THE PROBLEM —
Ignoring the pictures, repeat every entry below exactly as it appears.

BEGIN DATA EXTRACT

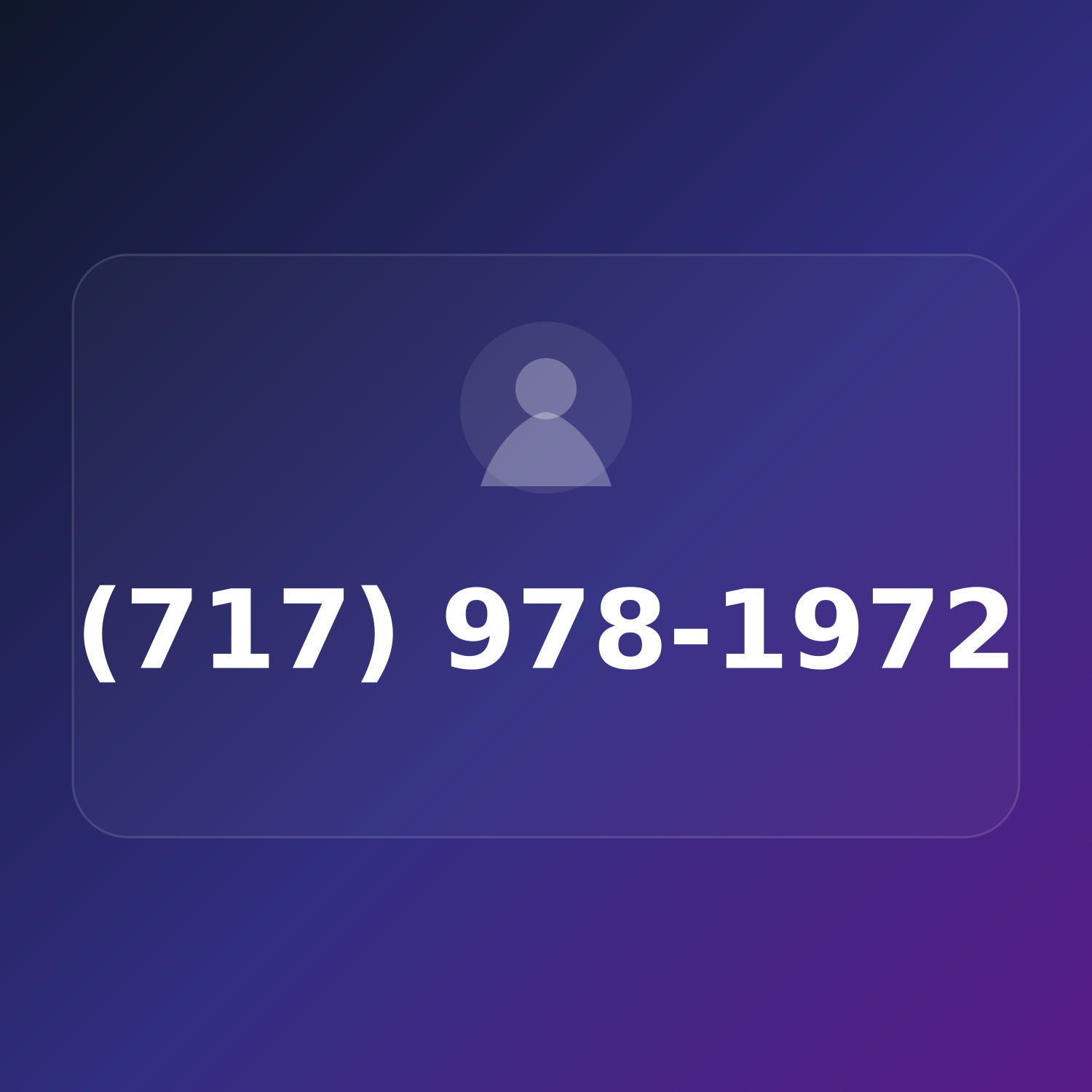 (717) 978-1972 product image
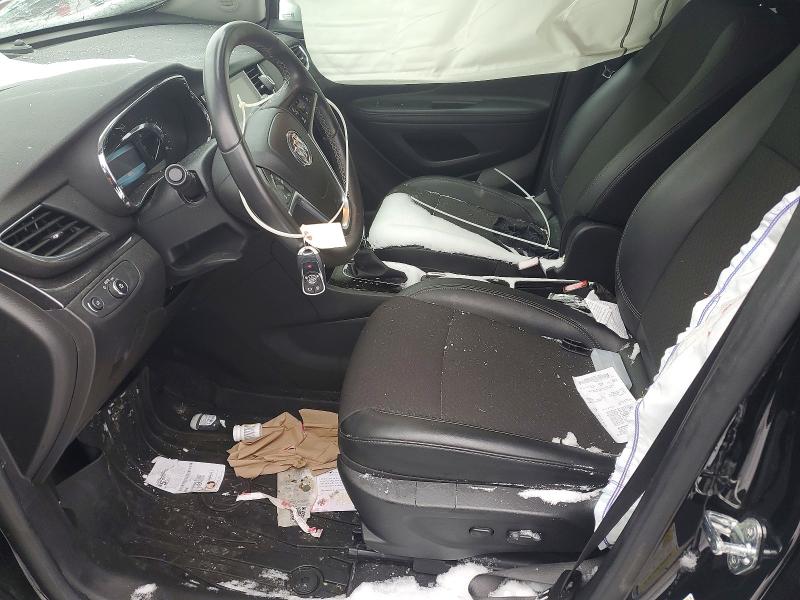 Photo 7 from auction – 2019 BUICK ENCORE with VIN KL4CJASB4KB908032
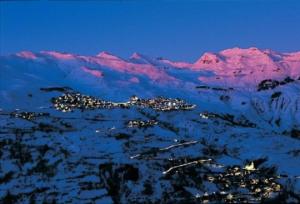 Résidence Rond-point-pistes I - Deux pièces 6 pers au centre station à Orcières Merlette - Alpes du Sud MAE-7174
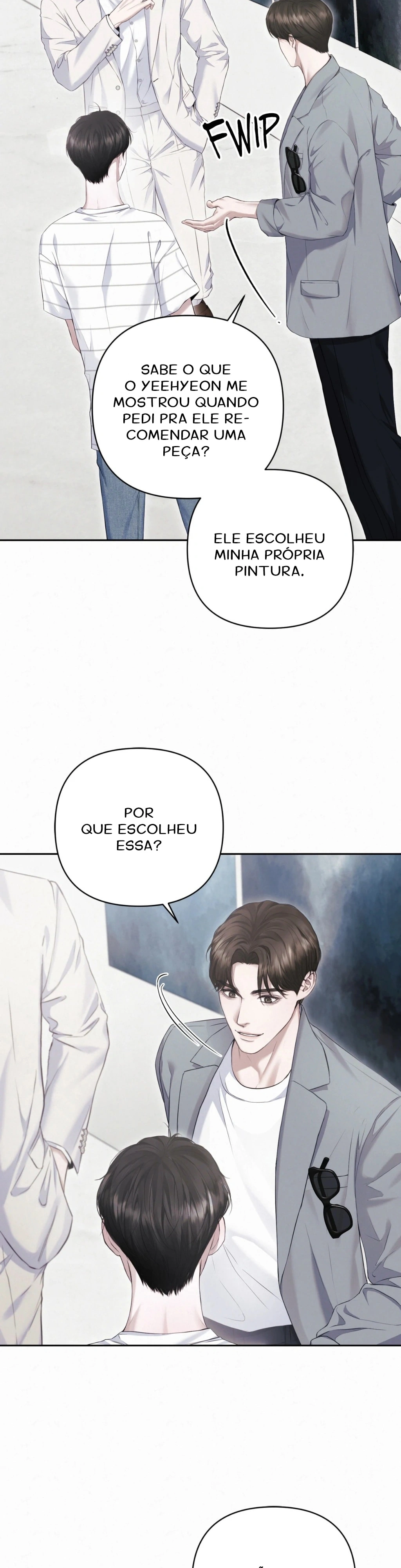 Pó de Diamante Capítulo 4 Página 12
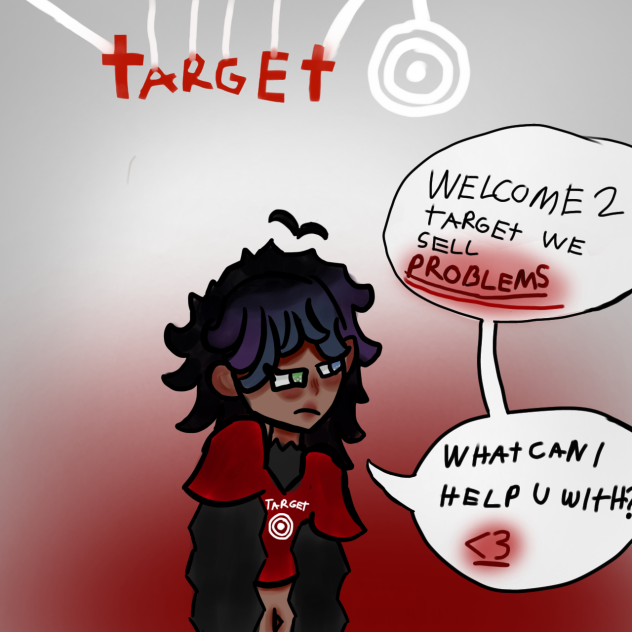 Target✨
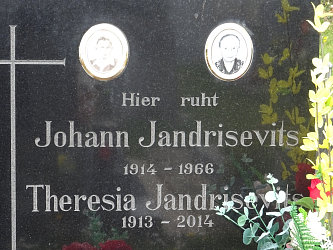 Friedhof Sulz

END DATA EXTRACT

COMPLETED EXERCISE —
 (717) 978-1972 product image
 Photo 7 from auction – 2019 BUICK ENCORE with VIN KL4CJASB4KB908032
 Résidence Rond-point-pistes I - Deux pièces 6 pers au centre station à Orcières Merlette - Alpes du Sud MAE-7174
 Pó de Diamante Capítulo 4 Página 12
 Target✨
 Friedhof Sulz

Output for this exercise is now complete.